Since the massive data could be stored in cloud platforms, data mining for the large datasets is hot topic. Parallel methods of computing are alternative for large datasets processing and knowledge discovery for large data. MapReduce is a distributed programming model, proposed by Google for processing large datasets, so called Big Data. Users specify the required functions Map and Reduce and optional function Combine. Every step of computation takes as input pairs \(<key, values>\) and produces another output pairs \(<key', values'>\). In the first step, the Map function reads the input as a set \(<key, values>\) pairs and applies user defined function to each pair. The result is a second set of the intermediate pairs \(<key', values'>\), sent to Combine or Reduce function. Combine function is a local Reduce, which can help to reduce final computation. It applies second user defined function to each intermediate key with all its associated values to merge and group data. Results are sorted, shuffled and sent to the Reduce function. Reduce function merges and groups all values to each key and produces zero or more outputs.
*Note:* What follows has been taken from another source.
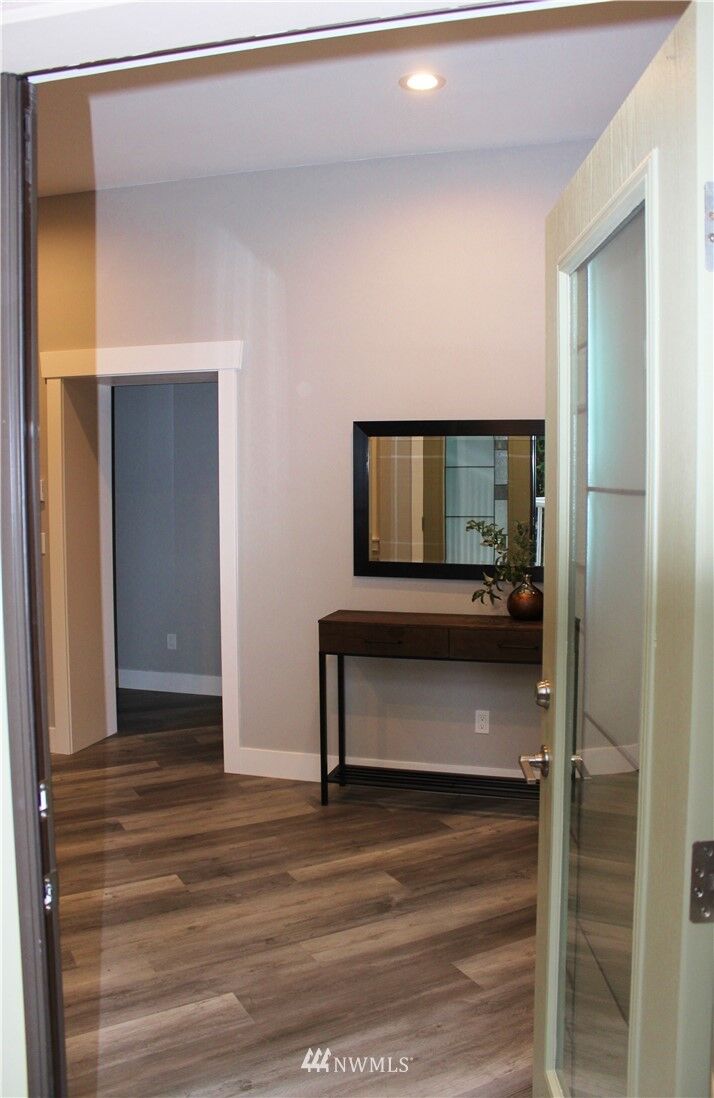 Property Photo:  4 Sugarpine Place  WA 98229 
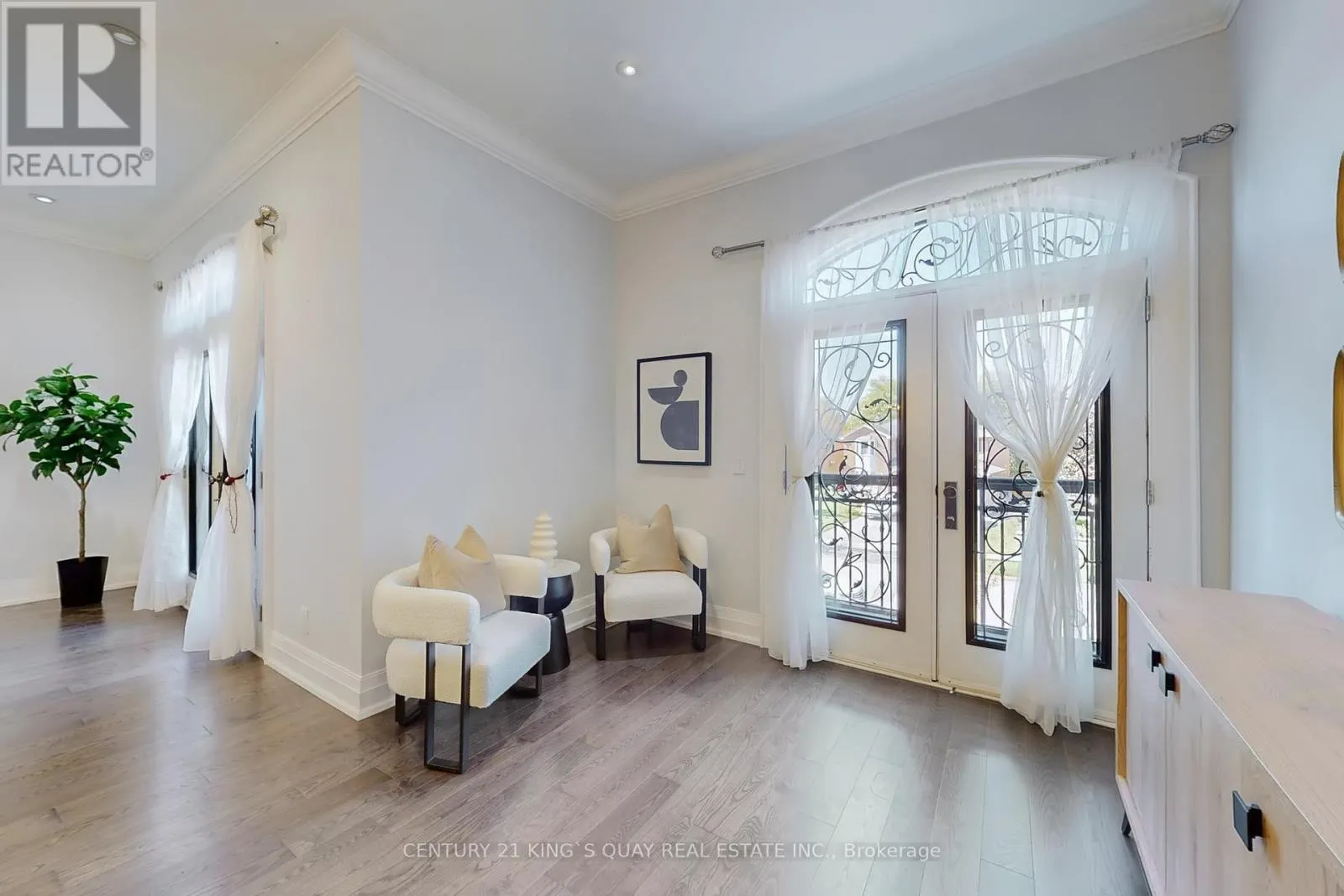 19 BLYTH STREET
Rough set theory is mathematical tool for dealing with incomplete and uncertain information [4]. The notion of core is very important in the rough set theory. In decision table some of the condition attributes may be superfluous (redundant in other words). This means that their removal cannot worsen the classification. The set of all indispensable condition attributes is called the core. One can also observe that the core is the intersection of all decision reducts – each element of the core belongs to every reduct. Thus, in a sense, the core is the most important subset of condition attributes. None of its elements can be removed without affecting the classification power of all condition attributes. A much more detailed description of the concept of the core can be found, for example, in the book [6] or in the article [4].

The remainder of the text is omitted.